Das KZ als Bordell
Zwangsprostitution unter der Nazi-Herrschaft war lange Zeit ein Tabuthema. Erst seit kurzem beschäftigen sich Historiker damit. Der tschechische Autor Arnost Lustig versucht sich an einer literarischen Verarbeitung des Stoffes - und scheitert an seiner eigenen Unentschlossenheit. Zwar vermittelt er reichlich historische Fakten, vergisst dabei aber Figurenentwicklung und dramaturgische Notwendigkeiten.
Ein heikles Thema: der Staat als Zuhälter, Zwangsprostitution unter der Naziherrschaft. Erst in jüngerer Zeit beschäftigen sich damit vorsichtig Kultur- und Geschichtswissenschaft.
Als literarischen Stoff entdeckte dieses Tabuthema der Israeli Yehiel Dinur bereits in den frühen 50er Jahren. Nun greift es der tschechische Autor Arnošt Lustig auf: Sein Roman "Deine grünen Augen" erzählt vom Schicksal der 15-jährigen "Feldhure" Hanka Kaudersová. Als tschechische Jüdin wird sie ins Vernichtungslager Auschwitz deportiert. Sie putzt gerade die Krankenstation, als eine Selektion stattfindet - junge Frauen werden für den Dienst in Feldbordellen ausgewählt. Hanka, die ihre Angehörigen in den ersten zweieinhalb Wochen in Auschwitz verloren hat, entscheidet in Sekundenschnelle, sich zur Verfügung zu stellen. Sie verschweigt, dass sie Jüdin ist und behauptet, bereits achtzehn Jahre alt zu sein. So gelangt sie ins Feldbordell Nr. 232 Ost, irgendwo am Ufer des San, östlich von Auschwitz. Dort hat sie täglich ein Dutzend Soldaten zu bedienen. Und überlebt.
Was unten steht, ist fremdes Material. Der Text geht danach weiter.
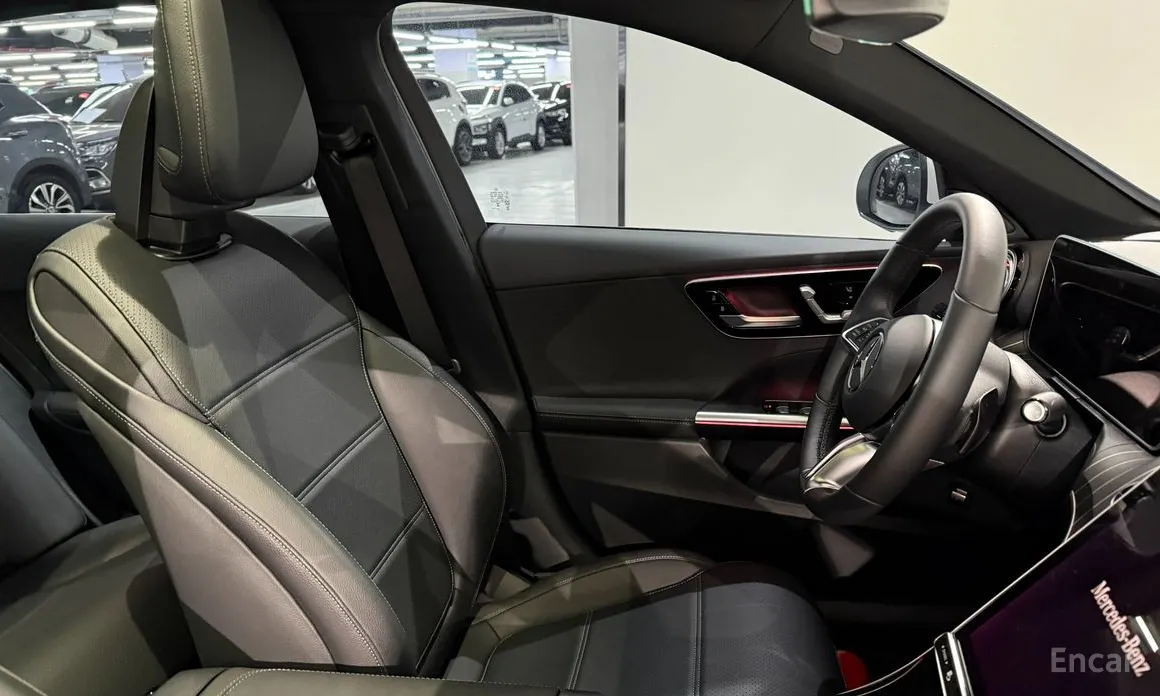 Фото 18 - Mercedes-Benz C-Class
Lustigs Ich-Erzähler, auch er ehemaliger KZ-Häftling, begegnet Hanka nach Kriegsende in der gemeinsamen Heimatstadt Prag. Er verliebt sich in die junge, zurückhaltende Frau, wirbt geduldig um sie und erzählt ihre Geschichte:
"Dies ist die Geschichte meiner Liebe. Sie handelt von der Liebe fast genauso wie vom Töten; sie erzählt davon, was ein fünfzehnjähriges Mädchen durchmachte, davon, was es bedeutet, die Wahl zwischen Weiterleben und Umgebrachtwerden zu haben, die Wahl zwischen der Gaskammer oder - als Arierin - dem freiwilligen Eintritt in ein Feldbordell. Sie handelt davon, was Erinnerung und Vergessen leisten können und was nicht."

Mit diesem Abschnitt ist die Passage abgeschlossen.